◆ Exercise requirements
In your copy, include every entry exactly as written but no pictures.

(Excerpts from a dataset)
==*==

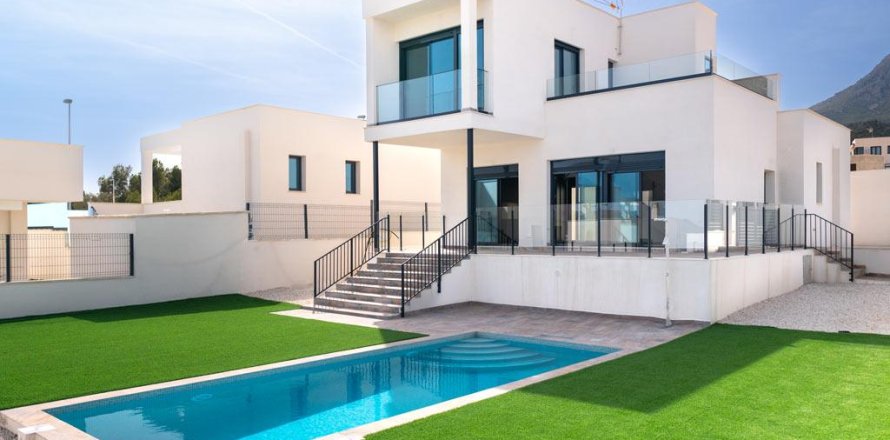 Villa La Nucia, Alicante, Spain 3 bedrooms, 120 sq.m. No. 132943
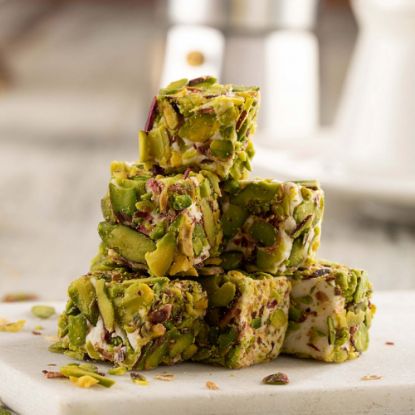 Picture of Pistachio Sultan Turkish Delight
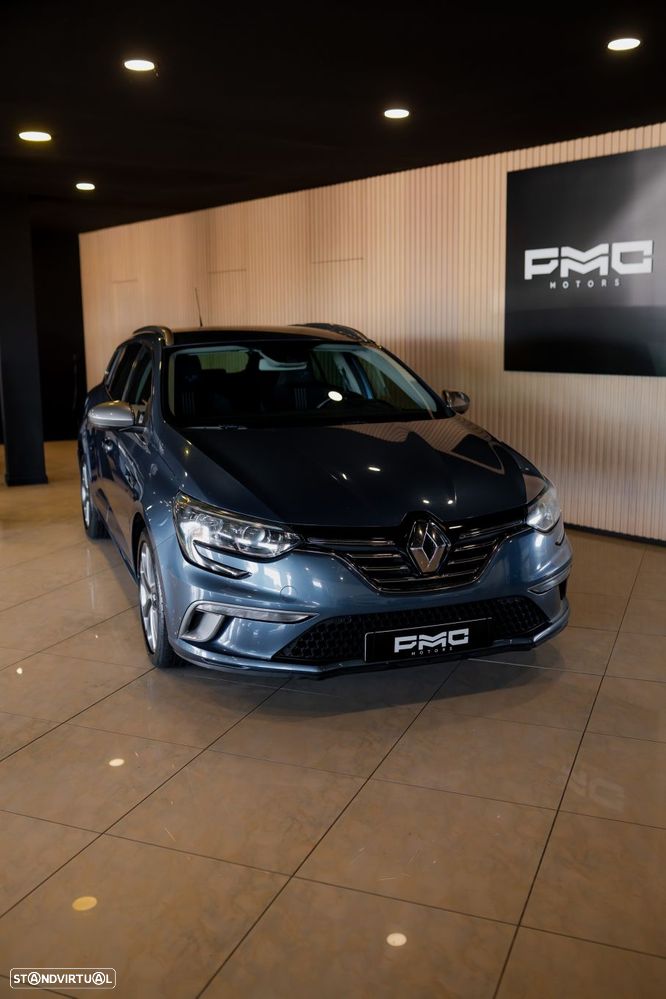 Renault Mégane Sport Tourer 1.5 dCi GT Line - 9
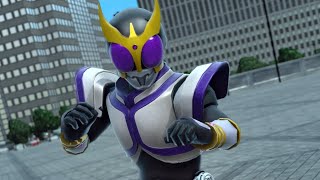 【ガンバレジェンズ】仮面ライダークウガ　タイタンフォーム　ライダーチケット　スキャン演出　必殺技　まとめ「アサルトストライク」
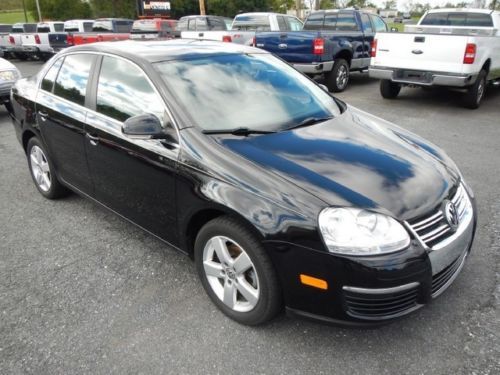 2009 volkswagen jetta sedan se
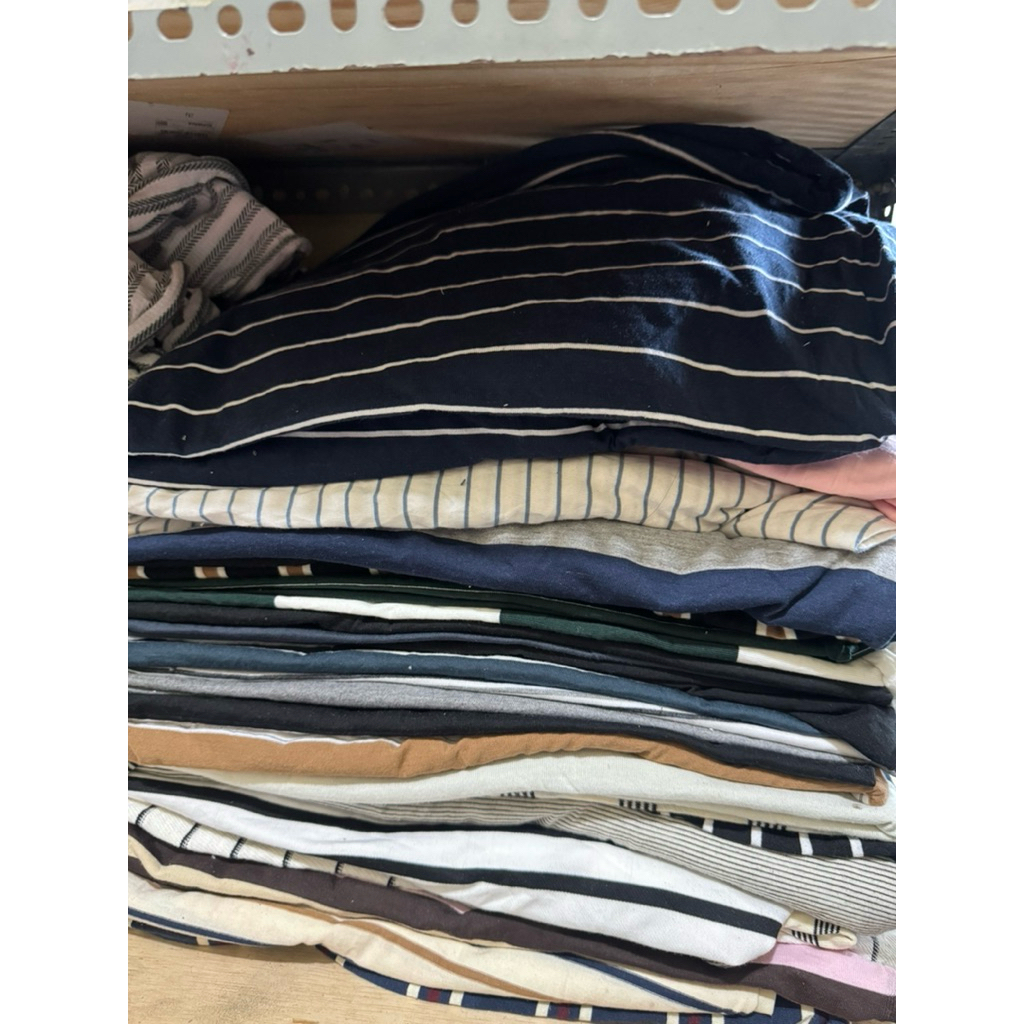 1kg kain kaos salur Kain Kaos Kiloan|Pe40 Lebar 120cm|BTM Tebal|TBL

==*==

◆ Result
 Villa La Nucia, Alicante, Spain 3 bedrooms, 120 sq.m. No. 132943
 Picture of Pistachio Sultan Turkish Delight
 Renault Mégane Sport Tourer 1.5 dCi GT Line - 9
 【ガンバレジェンズ】仮面ライダークウガ　タイタンフォーム　ライダーチケット　スキャン演出　必殺技　まとめ「アサルトストライク」
 2009 volkswagen jetta sedan se
 1kg kain kaos salur Kain Kaos Kiloan|Pe40 Lebar 120cm|BTM Tebal|TBL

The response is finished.